But it was lovely to be out with the boyf being dazzled by Enmore Road. It’s such a vibrant strip these days, filled with fabulous bars and thriving restaurants.

DD spent Thursday working in the hotel room, then met me for the Westward Whiskey masterclass at an atmospheric bar called The Doss House. The event was part of the Whisk(e)y On The Rocks festival and hosted by Westward Head Distiller Miles Munroe. DD has fallen madly in love with Westward’s Cask Strength whiskey, so he was an eager participant.

While Cask Strength wasn’t on the table for the masterclass, there were lots of cheese and nibbles and four whiskies to sip, including a new one called Westward American Single Malt Belgian Ardennes, created using an Ardennes Farmhouse yeast from the award-winning Oregon brewery Culmination Brewing.

We’d enjoyed a virtual masterclass with Miles during lockdown, streamed from the distillery in Oregon, so it was great to meet him in person – such a lovely, gentle soul and passionate whiskey maker. It was fascinating to chat with him in such an intimate setting. While I’m not the biggest whiskey sipping fan, I know quite a lot about the industry these days, so I could ask a few vaguely intelligent questions!

Afterwards DD and I wandered up to the famed Ho Jiak Malaysian restaurant behind the QVB for a “Laksa Bomb” – dumplings in laksa soup – and my all-time favourite noodle dish, Char Kway Teow. There was an illuminated sign in the restaurant that summed up my passion for the dish!

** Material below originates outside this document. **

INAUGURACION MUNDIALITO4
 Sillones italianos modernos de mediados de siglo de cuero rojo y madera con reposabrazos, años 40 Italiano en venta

And you’re not going to believe this, but after dinner I decided one night in the city was enough for me and caught a cab home, leaving DD to enjoy the luxury alone!

Luckily he enjoys having a bed to himself as much as I do and wasn’t offended when I hit the road a night early.

The cab driver was quite taken with my tales of disinterest in staying in hotels and not getting married to my boyfriend. He couldn’t understand why you’d date someone for eight years and not marry them. I decided not to enlighten him. He was so enthralled by my bizarre life choices that he kept asking me to join him for biriyani in Surry Hills. And I kept politely declining!

Friday night was spent on the sidelines at the youngest’s AFL match. I have so many questions, the main one being why the hell they make the fields SO BIG. The teams spent the whole match running and running and running and running some more. And when they weren’t running they were body charging each other. I did a lot of wincing.

On Saturday night we went on an adventure to Ramadan Nights Lakemba. The organisers reckon more than 1 million people have attended the event over the past 30 days — that’s four times more than when it was last held in 2019.

Ramadan is the most sacred month of the year in Islamic culture. The month of Ramadan is spent by people of Muslim faith fasting during the daylight hours from dawn to sunset. At the end of each day’s fast they gather for Iftar, the evening meal to break their fast. Or in this case, they queue for food in Lakemba from dusk until dawn.

The last night of the festival was on Sunday. The street was absolutely pumping on Saturday night and filled with smoky outdoor barbecues and hungry visitors.

We feasted on tandoori chicken wraps as we wandered around marvelling at the huge queues for camel burgers and chips on sticks.

The event, which began with a single barbecue and some camel burgers in 2012, has grown into the City of Canterbury Bankstown’s largest drawcard.

My Sunday was a little quieter – a walk with a friend, a coffee with my sister, some freelance work, a mildly harrowing driving lesson with the youngest and a roast dinner with DD.

And that’s a quick top-line recap of what you’ve missed since my last blog post.

Far too busy, I know, I know, but I don’t know how to stop.

I need to learn how to do it. My body and mind are having trouble keeping up these days. They are getting tired! My feet hurt each morning when they first hit the floor, before they’ve even taken a step. I’m seeing it as a sign that it’s time to slow down – and wear more supportive footwear – but I’m not quite ready to read that sign.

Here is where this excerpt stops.